RECORDS FOR PROCESSING »

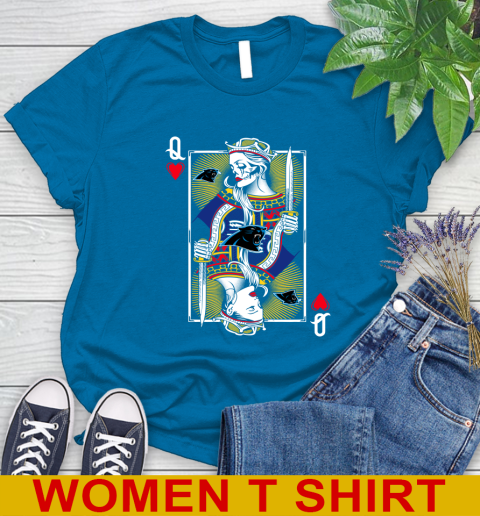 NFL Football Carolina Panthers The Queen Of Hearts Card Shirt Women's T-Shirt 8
==
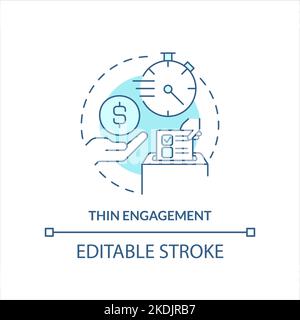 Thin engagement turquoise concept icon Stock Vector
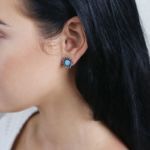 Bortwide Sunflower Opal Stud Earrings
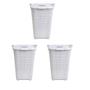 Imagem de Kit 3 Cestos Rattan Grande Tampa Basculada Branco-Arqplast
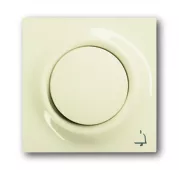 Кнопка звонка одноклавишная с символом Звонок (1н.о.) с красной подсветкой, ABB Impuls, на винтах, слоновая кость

EXERCISE DETAILS » Each line above from the one containing "Thin engagement turquoise" through the one containing "Кнопка звонка одноклавишная" is to be returned verbatim. Nothing else, and no pictures.

PROBLEM SOLUTION »
 Thin engagement turquoise concept icon Stock Vector
 Bortwide Sunflower Opal Stud Earrings
 Imagem de Kit 3 Cestos Rattan Grande Tampa Basculada Branco-Arqplast
 Кнопка звонка одноклавишная с символом Звонок (1н.о.) с красной подсветкой, ABB Impuls, на винтах, слоновая кость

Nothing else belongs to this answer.